But there is more to the ley line phenomenon than just landmarks all in a row. They seem to exude some cosmic force, perhaps a part of Earth’s energy system, although scientists have been unable to quantify or classify it.
There is one very low-tech instrument that reacts to the energy of a ley line: a dowsing, or divining, rod.
When we were on the Cornish coast of England in the spring of 1996, we took a minivan tour one pouring-down rainy day, and the woman who conducted it said she would take us to a known ley line and let us try our hand at dowsing.
You can imagine how skeptical my retired-chemist husband was about such obvious hocus-pocus, but curious enough to stand in the rain watching others walk back and forth across a field on which rests the toppled remains of one of Britain’s many stone circles.
Power of suggestion, he was thinking, is making those brass rods swing, not some mystic magnetic force from the earth.
So, of course, he took his turn. The rods were about 15 inches long, with a right angle perhaps three inches from one end. He made loose fists, and that short end dropped into the hole his fingers formed, the long end resting across his knuckles. He held absolutely no pressure against the rods.

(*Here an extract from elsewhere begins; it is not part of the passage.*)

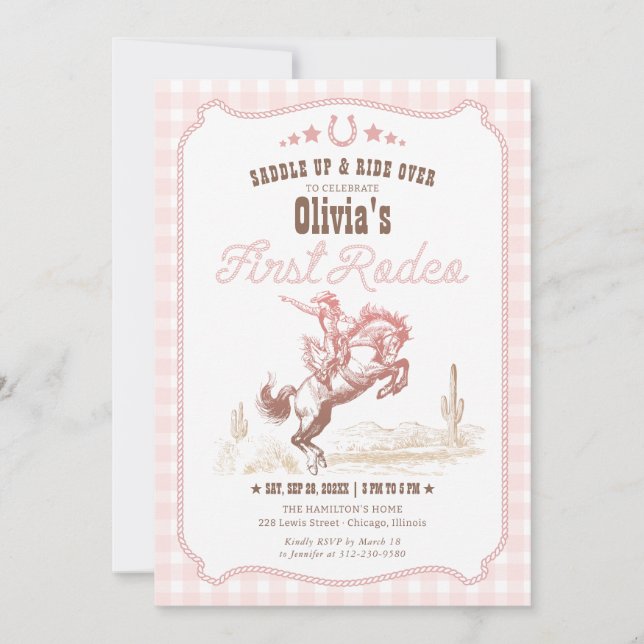 First Rodeo 1st Birthday Pink Western Invitation (Front)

The rods pointing straight before him, he began to walk from the van toward the nearest boulder. And at a point about 15 feet from where he began, the rods swung across each other, forming an X. A few more steps, and they swung back to their initial position.
Dave was dumfounded. He had done nothing whatever to cause that to happen, not even subconsciously, because the rods were merely lying on his hands.
Now here’s what’s really weird. As I was scanning through the ley line articles on the Web, some of them admittedly lunatic fringe, I came across the dimensions of ley lines. The average length, one article said, is 20 to 30 miles, although they may vary from a few feet to thousands of miles.
The width of the line also varies widely, but averages 5 1/2 feet.
And that’s precisely the width of a Roman road.